Build pytorch3d (only required for SHAC baseline)

# Use a prebuilt version of PyTorch3D compatible with PyTorch 2.5.1 and CUDA 12.4
pip install pytorch3d==0.7.8+pt2.5.1cu124 --extra-index-url https://miropsota.github.io/torch_packages_builder

Test Example

A test example can be found in the examples folder.

python test_env.py --env AntEnv

If the console outputs Finish Successfully in the last line, the code installation succeeds.

Instruction

Running the following commands in examples folder allows to train Hopper with D.VA.

python train_dva.py --cfg ./cfg/dva/hopper.yaml --logdir ./logs/Hopper/dva

Evaluation videos will be saved in a directory following the pattern:logs/Hopper/dva/$DATE/eval. Evaluation videos are saved every $save_interval training episodes, as specified in the corresponding YAML configuration file, e.g., cfg/dva/hopper.yaml.

To run curl, or state2visDagger use the following command:

python train_$method.py --cfg ./cfg/$method/hopper.yaml --logdir ./logs/Hopper/$method

where $method is the desired baseline name.

To run drqv2, using the following command:

python train_drqv2.py task=hopper

To run dreamerv3, using the following command:

python --configs dflex_vision --task dflex_$env --logdir ./logs/dreamerv3/$env

where $env is the name of the environment (e.g., hopper, humanoid, etc.).

To run SHAC with differentiable rendering, using the following command

python train_shac.py --cfg ./cfg/shac/hopper_vis.yaml  --logdir ./logs/Hopper/shac

Note, the SHAC baseline requires environments with differentiable rendering, which differs from other methods that use ManiSkill as the default rendering engine.

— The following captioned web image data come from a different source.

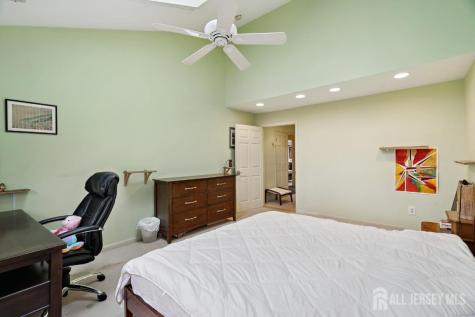 118 Coppertree Court Edison NJ 08820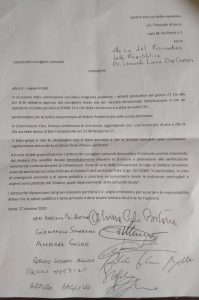 Esposto sui casi Covid al mercato: "Il Comune sapeva ma non ha fatto nulla". La replica: "Falsità" - Corriere Salentino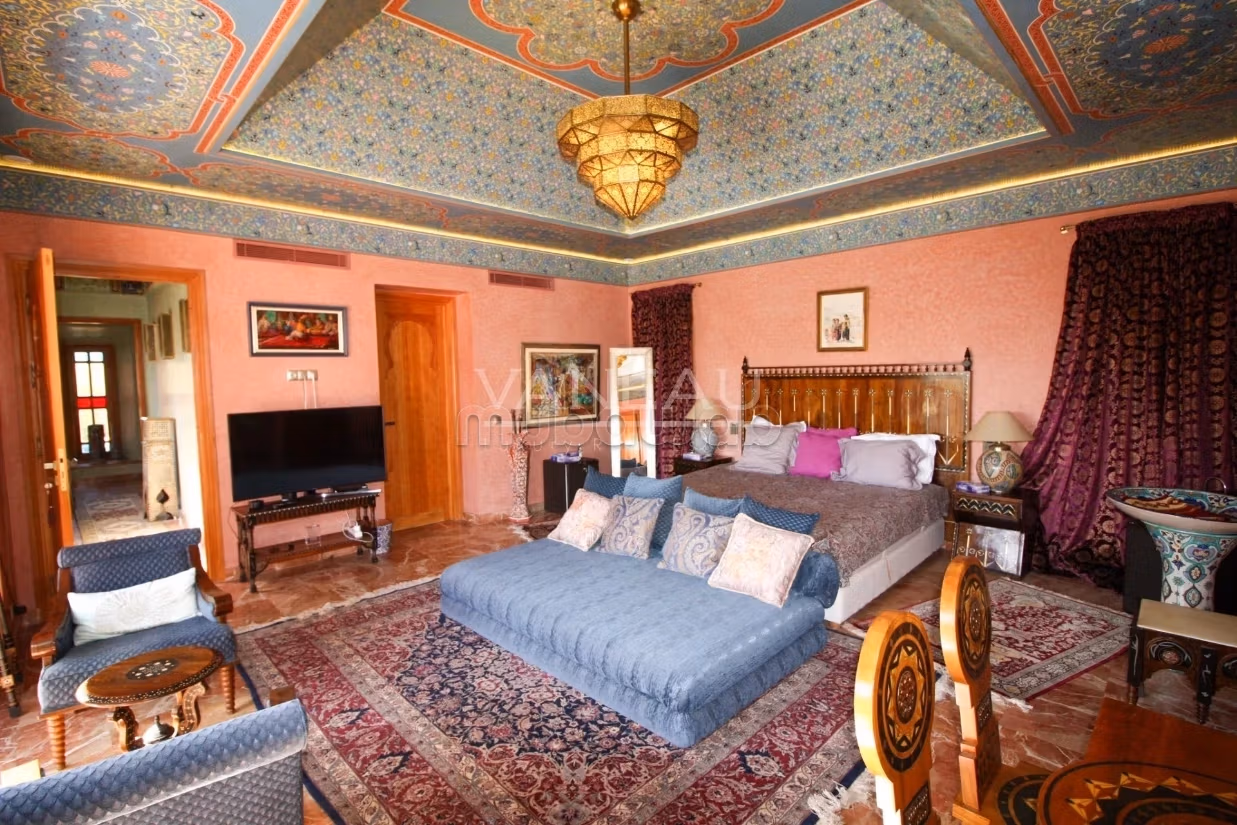 Beautiful home for sale in Marrakech resembling a palace from the One Thousand and One Nights
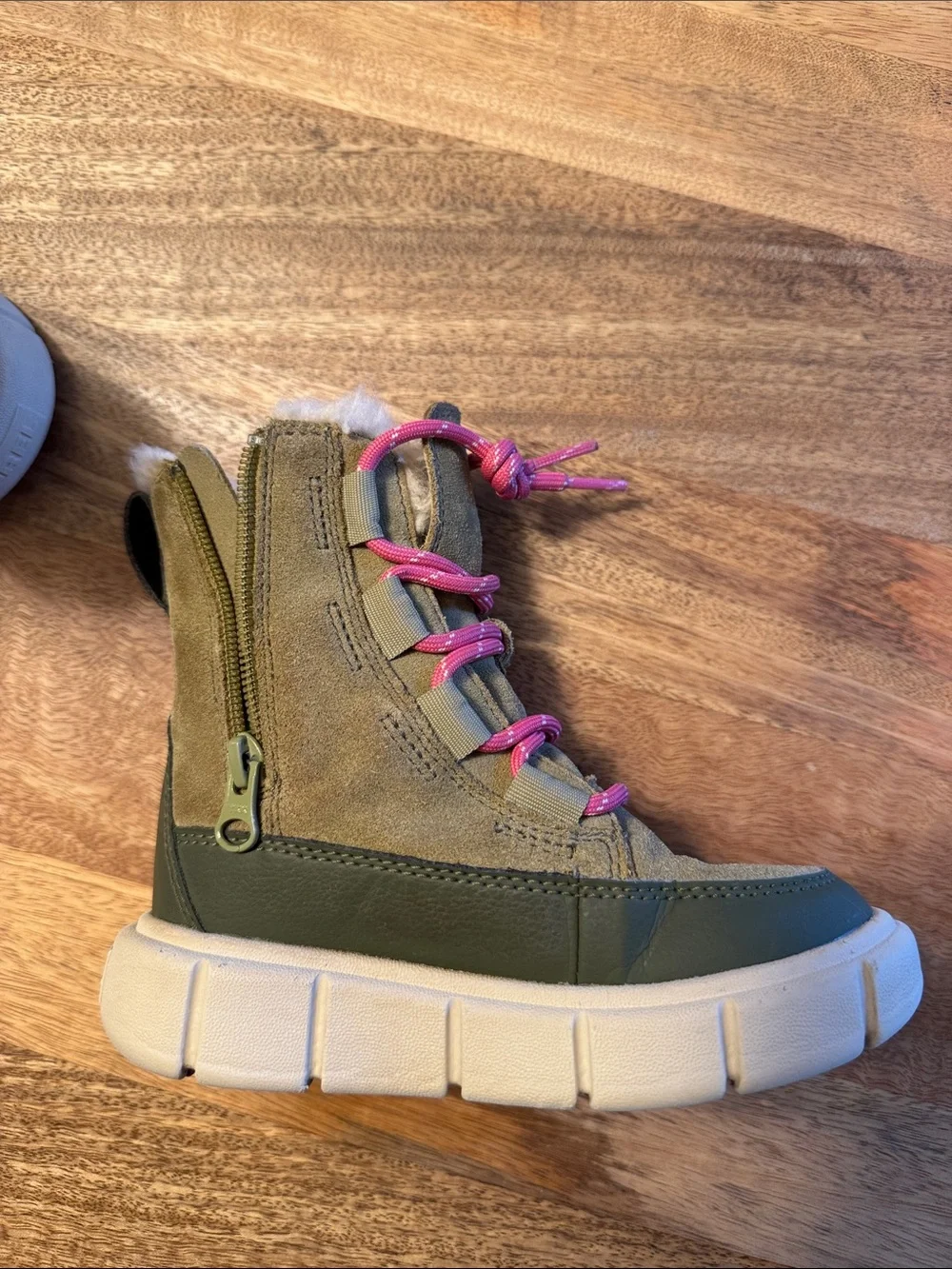Sorel Kids size 10 Waterproof Olive Gree Winter Boots with Pink Accents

To run our method (D.VA) under the same differentiable rendering, simply replace the config file:cfg/dva/hopper.yaml to cfg/dva/diff_render_hopper.yaml

Methods

D.Va

D.Va is a quasi-analytical policy gradient algorithm for learning image-based continuous control tasks. It extends SHAC to operate directly from pixels by decoupling the rendering process from the gradient computation pipeline.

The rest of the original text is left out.